If you still have "Liquid Andy" you should post that one too. Another awesome boot animation.


----------



## The Bear (Aug 22, 2011)

Thanks, I downloaded it, flashed it, and it works perfect!

I'm running rootz boat 4.0.3...


----------



## CaucasianAsian (Dec 21, 2011)

Flashed and working PERFECTLY! It looks SOOOO much better than the stock boot animation.

Sent from my Galaxy Nexus using Tapatalk


----------



## Pleirosei (Jul 8, 2011)

Sweety bro. Very sweet. Do you do any LWPs? These unoptimized LWPs are a killer, I'm thinking of learning to make LWPs, might need some help one day in the future.


----------



## BeADroid (Dec 23, 2011)

Hey thanks , I forgot to extract when I flashed Droid Theory's Rom . Thanks a lot.

Sent unlocked from GNex.


----------



## Schoat333 (Jun 14, 2011)

Looks 10x's better! Thanks!


----------



## fireblast713 (Dec 23, 2011)

Anyone have the stock bootanimation... I was dumb and didn't back mine up :-(


----------



## derichio02 (Jun 11, 2011)

Here is a link to the original in my drop box. It will be there for 24 hours only

http://db.tt/HSTo6Enu

Sent from my Galaxy Nexus using Tapatalk


----------



## psycho_maniac (Jun 9, 2011)

why did this one not come with the phone? lol


----------



## fireblast713 (Dec 23, 2011)

Thanks, got it











derichio02 said:


> Here is a link to the original in my drop box. It will be there for 24 hours only
> 
> http://db.tt/HSTo6Enu
> 
> Sent from my Galaxy Nexus using Tapatalk


----------



## MrMakeIt (Aug 14, 2011)

Is there a way to get this on my Droid Charge? I think my boot animations are in .qmg or some other weird proprietary Samsung format. Could I just change the .zip extension to .qmg?


----------



## azrash (Aug 28, 2011)

would love to see it in my device, would it work on WVGA devices? 800x480 thanks!


----------



## SuperChargedJ (Jun 15, 2011)

This is way better than the stock version. Thanks for posting.


----------



## GSUS969 (Jul 19, 2011)

Maybe it's just me. But I downloaded this and got a boot animation that says "android" and sparkles.


----------



## azrash (Aug 28, 2011)

GSUS969 said:


> Maybe it's just me. But I downloaded this and got a boot animation that says "android" and sparkles.

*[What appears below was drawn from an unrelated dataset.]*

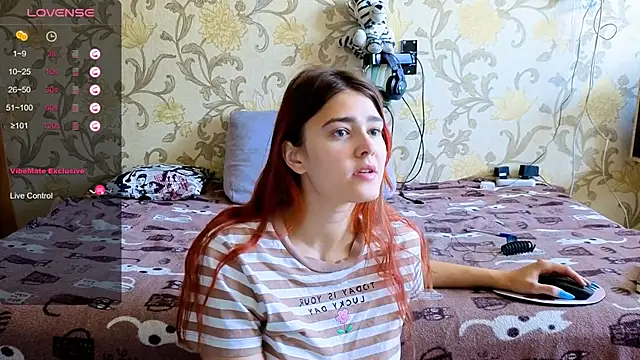 Snapshot of JennyStormy chatting on 09.13.25 JennyStormy online show from 09.13.25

that is the default/fall back boot animation when there is no boot animation installed. Check to see whether it is properly installed

Sent from my HTC Desire Z using Tapatalk


----------



## eng_saad (Feb 12, 2012)

Thanks


----------



## gnex0422 (Mar 5, 2012)

Is there anywhere else i can get the cwm flashable zip? Says file does not exist or is unavailable. Thanks!

Sent from my Galaxy Nexus using RootzWiki


----------



## CC16177 (Dec 29, 2011)

gnex0422 said:


> Is there anywhere else i can get the cwm flashable zip? Says file does not exist or is unavailable. Thanks!
> 
> Sent from my Galaxy Nexus using RootzWiki


This...

Sent from my Galaxy Nexus using Tapatalk 2


----------



## nativi (Jul 23, 2011)

Any link update to it please.

Sent from my Galaxy Nexus using Tapatalk 2


----------



## WhataSpaz (Feb 20, 2012)

Download ROM Toolbox (Free) and download it from there...that's what I did.


----------



## throwbot (Jan 2, 2012)

Use number 1001 for rom toolbox!

Sent from my Galaxy Nexus using Tapatalk 2


----------